Operator and Datatype support

Operator support¶

In this section we will discuss the operator support available for the device across various frameworks.

To determine the list of operators supported by the device for various frameworks, you can execute the following command

Example command to generate operators supported for onnx

/opt/qti-aic/exec/qaic-exec -operators-supported=onnx

This command generators a file OnnxSupportedOperators.txt which comprehensive list of ops supported.

It is important to note that the operator support keep expanding with the release of new SDK versions.

Note

-operators-supported supports only onnx, tensorflow, pytorch, caffe, and caffe2.

Note

onnx is the preferred format to compile the model for the device.

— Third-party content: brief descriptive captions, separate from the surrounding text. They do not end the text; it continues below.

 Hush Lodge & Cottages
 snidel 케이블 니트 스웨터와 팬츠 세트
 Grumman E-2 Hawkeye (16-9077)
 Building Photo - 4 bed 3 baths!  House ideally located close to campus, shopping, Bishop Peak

Handling Unsupported Operators¶

In some cases, you might encounter errors related to unsupported operations while compiling the model for the device.

For instance, certain operations like einsum present in the model file might not be directly supported by the device.

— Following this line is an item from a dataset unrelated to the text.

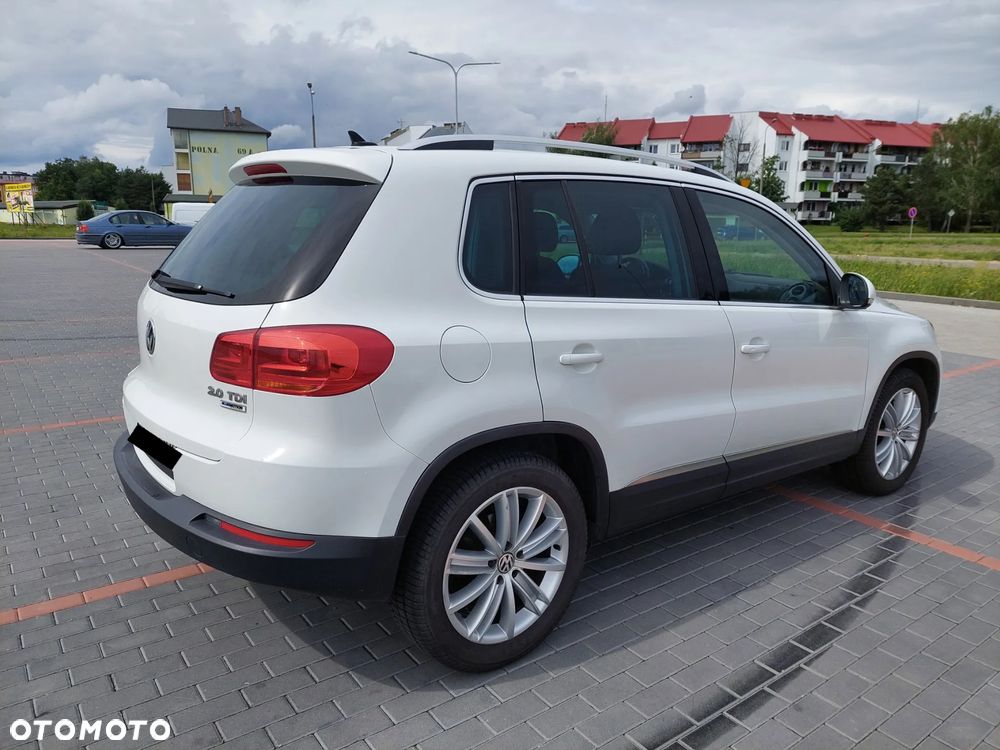 Volkswagen Tiguan 2.0 TDI DPF BlueMotion Technology Exclusive - 6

In such scenarios, the Model Preparator tool can be employed to modify the model and substitute these unsupported operations with their corresponding mathematical equivalent subgraphs.

Datatype Support¶

The device performance is optimum for trained model weights in either fp16 (half-precision) or int8 formats.

If the model is originally trained in fp32 format, it gets downconverted to fp16 format with -convert-to-fp16 during the compilation process. In certain scenarios, models may contain constants which are beyond the fp16 range. In those scenarios, it is recommended to clip to fp16 range as shown in this notebook, see the fix_onnx_fp16 function.

The device also offers support for mixed precision, specifically fp16 and int8. While the device is technically capable of running fp32 precision models using the scalar processor, its important to note that the performance achieved will be suboptimal compared to models utilizing fp16 or int8 precision.

Conversion from bf16 to fp16¶

If the model is trained in bf16 (bfloat16), Qualcomm can provide a script to identify the scaling factors to scale down the weights of the models such that intermediate activations will not overflow 'fp16'.